It's done with VPADDQ Y0, Y1, Y0 instruction which reads
as Vector Packed ADD Quadword, i.e., 64-bit elements of vectors Y0 and Y1 are added
and the result is stored in Y0.
"Packed" signifies that the instruction operates on all the elements packed within the register,
i.e., it is not a scalar operation.
// VPADDQ Y0, Y1, Y0
asm.VPADDQ(vecLeft, vecRight, vecLeft)
Now Y0 contains [6, 8, 10, 12].
Adding half-vectors
We summarize the Y0 = [6, 8, 10, 12] vector by adding its halfes [6, 8] and [10, 12].
That's called a horizontal reduction summation.
[6, 8]
+
[10, 12]
=
[16, 20]
To do that, we can copy its left half (bits 128-255) to a 128-bit XMM vector register X1
using VEXTRACTI128 (Vector Extract Integer 128-bit) instruction.
Y0 = [6, 8, 10, 12]
⬇️ ⬇️
X1 = [6, 8]
The first operand $0x01 in VEXTRACTI128 $0x01, Y0, X1 is a control byte
that refers to extracting the upper 128-bit lane.
The second operand is the source YMM register (vecLeft in our avo program),
and the third one is an XMM register (we use vecRight.AsX()
which is the lower portion of vecRight register).
vecRightLow := vecRight.AsX()
// VEXTRACTI128 $0x01, Y0, X1
asm.VEXTRACTI128(operand.U8(1), vecLeft, vecRightLow)

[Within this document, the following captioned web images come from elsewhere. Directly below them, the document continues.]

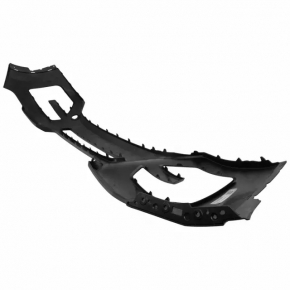 Front bumper upper part Ford Explorer 16-17 rest white, pokes
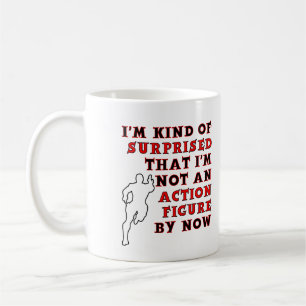 Action-Figur Überraschung Lustiger Becher Kaffeetasse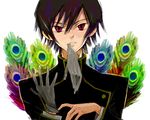  code_geass glove_in_mouth gloves lelouch_lamperouge long_sleeves male_focus mouth_hold poo_(donkan_gokko) solo 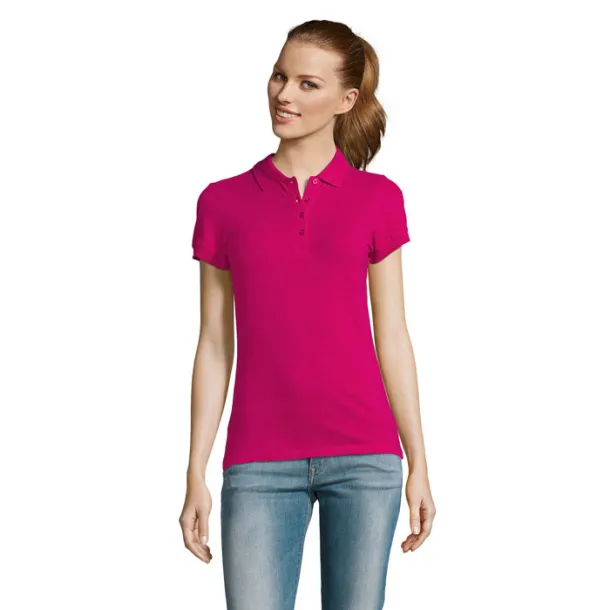 PASSION WOMEN POLO-170g Fuchsia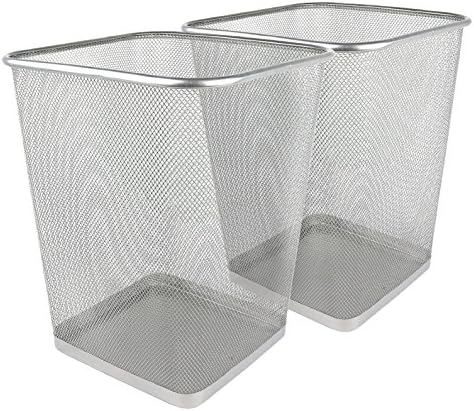 Greenco Mesh Wastebasket Trash Can
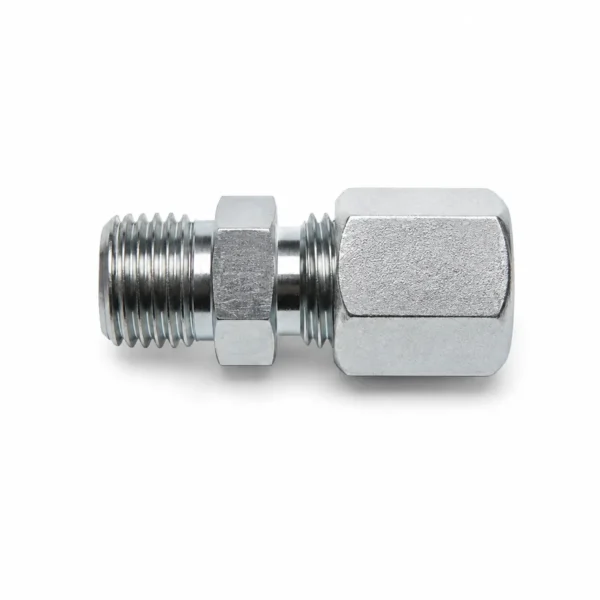 Nippill fyrir 6mm rör R1/8 beinn SS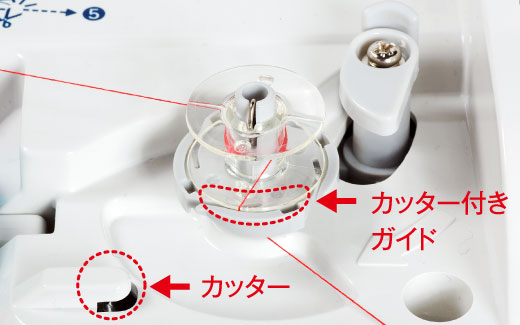 独立モーター式下糸巻き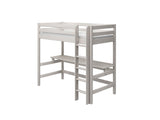 FLEXA High Sleeper Bed with Desk - Straight Ladder 90x200 cm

Since X0 represents the right half of Y0, we can add X0 and X1
which by now contains the left half of Y0.
Y0 = [6, 8, 10, 12]
⬇️ ⬇️ [10, 12] = X0
X1 = [6, 8]
Go code looks familiar.
vecLeftLow := vecLeft.AsX()
// VPADDQ X0, X1, X0
asm.VPADDQ(vecLeftLow, vecRightLow, vecLeftLow)
At this point X0 contains [16, 20].
Our goal is to line up 16 with 20 to get our scalar result 36.
We can shift 16 right by 8 bytes since we're dealing with 64-bit integers.
Before: [16, 20]
➡️
After: [ 16] 20
The VPSRLDQ $0x08, X0, X1 instruction does that, i.e., it shifts X0 bits right,
fills the empty space with zeros, and stores the result in X1.
The addition instruction is the same VPADDQ X0, X1, X0.
[16, 20] X0
+
[0, 16] X1
=
[16, 36] X0
🏁
Here is an avo code.
// VPSRLDQ $0x08, X0, X1
asm.VPSRLDQ(operand.U8(8), vecLeftLow, vecRightLow)
// VPADDQ X0, X1, X0
asm.VPADDQ(vecLeftLow, vecRightLow, vecLeftLow)
That's it, we've got out final result 36 in the X0 = [16, 36] vector.
We just need to somehow return it from the SumVec function 🤔.
The cool thing about VMOVQ instruction is that it can copy the lower quadword
(our 36 value) from a vector to a scalar register like this VMOVQ X0, AX.
Note, VMOVQ Y0, AX wouldn't work since a YMM operand isn't supported.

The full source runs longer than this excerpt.